Modern B E R T large ft fineweb edu annotations
mrm8488ModernBERT-large-ft-fineweb-edu-annotations
Introduction
ModernBERT-large-ft-fineweb-edu-annotations is a fine-tuned version of the ModernBERT-large model by answerdotai. It is optimized for text classification tasks and exhibits notable performance metrics on its evaluation set, including a loss of 1.1702, an F1 score of 0.7571, a precision score of 0.7609, and a recall score of 0.7554.
Architecture
The model leverages the Transformers library for its architecture and is an extension of the ModernBERT-large base model. The fine-tuning process involves a specific set of hyperparameters to optimize its performance.
Training
The model was trained with the following hyperparameters:
- Learning Rate: 8e-05
- Train Batch Size: 24
- Eval Batch Size: 24
- Seed: 42
- Optimizer: AdamW with betas=(0.9, 0.98), epsilon=1e-06
- LR Scheduler Type: Linear
- Number of Epochs: 3
Training results included a final validation loss of 1.1702 with an F1 score of 0.7571, precision of 0.7609, and recall of 0.7554.
Guide: Running Locally
To run the model locally, follow these steps:
- Clone the repository and navigate to the model directory.

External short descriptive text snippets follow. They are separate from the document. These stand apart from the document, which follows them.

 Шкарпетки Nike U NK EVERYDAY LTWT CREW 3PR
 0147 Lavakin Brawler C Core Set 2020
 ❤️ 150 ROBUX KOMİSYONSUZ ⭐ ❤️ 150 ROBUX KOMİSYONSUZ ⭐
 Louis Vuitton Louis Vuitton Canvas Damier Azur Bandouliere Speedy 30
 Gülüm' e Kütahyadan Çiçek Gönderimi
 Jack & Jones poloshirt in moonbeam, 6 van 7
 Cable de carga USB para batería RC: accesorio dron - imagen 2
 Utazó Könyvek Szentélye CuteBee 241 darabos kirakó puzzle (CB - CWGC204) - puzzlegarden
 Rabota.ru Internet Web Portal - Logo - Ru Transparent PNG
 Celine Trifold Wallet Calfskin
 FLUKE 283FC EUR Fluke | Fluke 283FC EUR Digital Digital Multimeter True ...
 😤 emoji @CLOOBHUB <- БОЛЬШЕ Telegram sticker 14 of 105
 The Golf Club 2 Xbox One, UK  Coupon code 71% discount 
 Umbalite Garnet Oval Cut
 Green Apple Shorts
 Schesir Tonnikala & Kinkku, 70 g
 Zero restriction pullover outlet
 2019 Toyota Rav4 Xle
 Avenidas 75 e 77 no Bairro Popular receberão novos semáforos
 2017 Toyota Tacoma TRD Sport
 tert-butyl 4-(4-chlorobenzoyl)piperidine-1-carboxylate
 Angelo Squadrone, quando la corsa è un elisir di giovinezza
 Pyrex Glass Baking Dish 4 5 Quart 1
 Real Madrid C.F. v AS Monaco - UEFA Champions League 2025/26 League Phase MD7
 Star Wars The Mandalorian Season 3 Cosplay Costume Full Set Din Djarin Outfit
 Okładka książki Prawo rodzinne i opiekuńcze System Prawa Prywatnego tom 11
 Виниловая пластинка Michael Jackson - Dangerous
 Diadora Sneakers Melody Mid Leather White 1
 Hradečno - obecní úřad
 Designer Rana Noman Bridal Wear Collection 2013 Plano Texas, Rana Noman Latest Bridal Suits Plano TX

- Install dependencies using pip:
pip install transformers torch datasets tokenizers
- Load the model using the Transformers library in Python:
from transformers import AutoModelForSequenceClassification, AutoTokenizer model = AutoModelForSequenceClassification.from_pretrained("mrm8488/ModernBERT-large-ft-fineweb-edu-annotations") tokenizer = AutoTokenizer.from_pretrained("mrm8488/ModernBERT-large-ft-fineweb-edu-annotations")
- Run inference or fine-tuning tasks as needed.
Cloud GPUs
For computational efficiency, consider running the model on cloud GPUs provided by services such as AWS, Google Cloud, or Azure.
License
This model is licensed under the Apache-2.0 License, permitting use, distribution, and modification under specified terms.